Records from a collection

^^^^^^^^^^^^^^^^

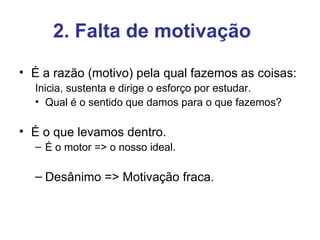 2. Falta de motivação
• É a razão (motivo) pela qual fazemos as coisas:
  Inicia, sustenta e dirige o esforço por estudar.
  • Qual é o sentido que damos para o que fazemos?

• É o que levamos dentro.
  – É o motor => o nosso ideal.

  – Desânimo => Motivação fraca.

^^^^^^^^^^^^^^^^

▸ To do:
Each line above that includes the word "fazemos" is to be copied.

▸ Task answer:
• É a razão (motivo) pela qual fazemos as coisas:
  • Qual é o sentido que damos para o que fazemos?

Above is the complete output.